Figure 1. The TDD cycle
Test driven development is much like it sounds: the tests you write drive your development. To get started with TDD choose the testing framework of your choice (we use Mocha in this article) and write a test case describing the output you are trying to produce. Figure 1 shows the TDD Cycle. You start at the top by writing a test. When you initially run the test it will fail (obviously), but in the next step (Test Passes) your goal is to write the minimal code possible to make this test case pass. When you first start you may not have much to refactor as shown in the blue state, however, as you continue to write more tests and thus more code, the Blue state will be an important part of the process to keep your code clean and minimal.
Why use TDD?
One of the best things about this process is that you will never write a piece of code that is untested. Thus, you know any new code you write will not break anything else. As your programs get larger, this will be key to keeping your development time low. TDD has shown to lead to better code structure since it forces you to think about the implementation prior to writing the code.
Example: Creating a RESTful API using TDD
In this example, we want to create an API route that will return the roll of two dice. Our input is a GET request to get the roll of two dice. The output is a JSON with the result of the roll. The following example will demonstrate the creation of an end-to-end test to test the HTTP requests made to our service.
Start with failure – It can only get better from here
We can start by creating a sample test which calls an API route hosted locally for a route that does not yet exist. The request is called using the SuperTest module, an http client library. Here we are using Chai for the assertions in order to check that the result is a number and that it is between 2 and 12 as you would expect when rolling 2 dies.
Figure 2. Start at failure by writing a test that fails
Figure 2.1 below shows the execution of mocha via the
npm test command and subsequent output. This test fails as we would expect since the route does not yet exist. Not explicitly shown, but by including a debugging package such as “debug”, you can enable debugging output from the command line by specifying DEBUG=debug before the npm run test command.
Figure 2.1. Result from running the initial failing test
Write code for passing tests
Create a route
Now that we have a failing test, we should begin writing our minimal amount of code. To start with our dice API example, we will define the route in Swagger (Figure 3). The route is called /roll, which invokes our “roll” controller. A successful response returns an object with a result that is a number between 2 and 12. Note that we have not implemented any logic yet, we have just set up the route to call.
Figure 3. Sample Swagger definition
Test a route without functionality implemented
If we run our test again, we still get a failure. However, this failure is no longer due to the route not being found, but rather the logic not yet being implemented.

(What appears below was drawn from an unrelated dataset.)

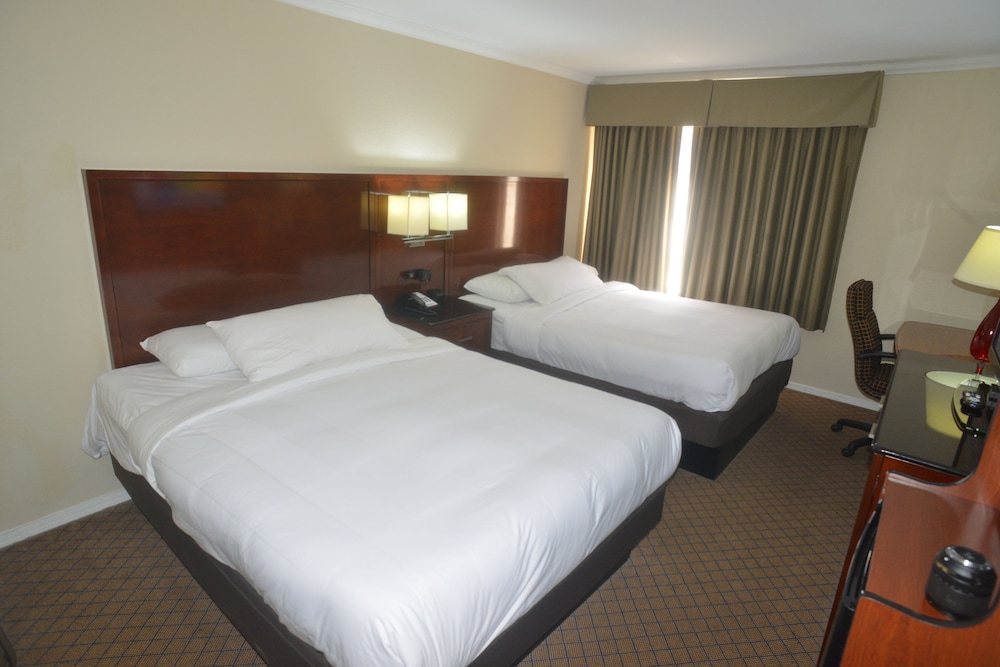 Hometown Inn & Suites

Figure 4. Testing a route without a functionality implemented
Test with mock data
Mocking the data allows the API to serve sample data which can be consumed by another development team, usually a front-end team. This allows them to get sample data for developing their application and do not have to wait for the API to be fully implemented. For our use case when developing APIs with Swagger there is an environment variable called swagger_mockMode that can be set when running your API and it will return mock data. The mock data can be generated by Swagger if the type and range of data are defined in the route definition (as shown in Figure 3 above). Another option would be to create your own samples of mock data and return those when a route is invoked.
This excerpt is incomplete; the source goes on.